Microsoft Patch Tuesday April 2020: my classification script, confusing RCE in Adobe Type Manager and updates for older vulnerabilities. Making the reviews of Microsoft Patch Tuesday vulnerabilities should be an easy task. All vulnerability data is publicly available. Even better, dozens of reviews have already been written. Just read them, combine and post. Right?

Microsoft Patch Tuesday April 2020: my classification script, confusing RCE in Adobe Type Manager and updates for older vulnerabilities

Not really. In fact it is quite boring and annoying. It may be fun to write about vulnerabilities that were already used in some real attacks. But this is a very small part of all vulnerabilities. What about more than a hundred others? They are like “some vulnerability in some component may be used in some attack (or may be not)”. If you describe each of them, no one will read or listen this.
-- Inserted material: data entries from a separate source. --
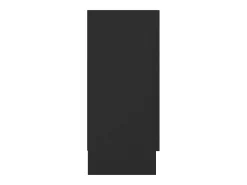 Vitrina de madera contrachapada negro 120x30,5x70 cm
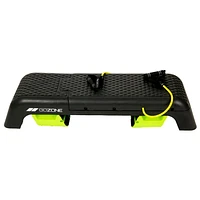 GoZone Multi-Use Adjustable Bench/Step Deck with Resistance Bands– Black/Green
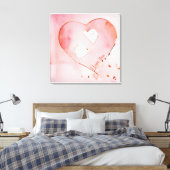 Toile Anders Artiste "Coeurs flottants" (Insitu(Chambre))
You must choose what to highlight. And when I am reading the reports from Tenable, Qualys and ZDI, I see that they choose very different groups of vulnerabilities, pretty much randomly.

My classification script

That’s why I created a script that takes Patch Tuesday CVE data from microsoft.com and visualizes it giving me helicopter view on what can be interesting there. With nice grouping by vulnerability type and product, with custom icons for vulnerability types, coloring based on severity, etc.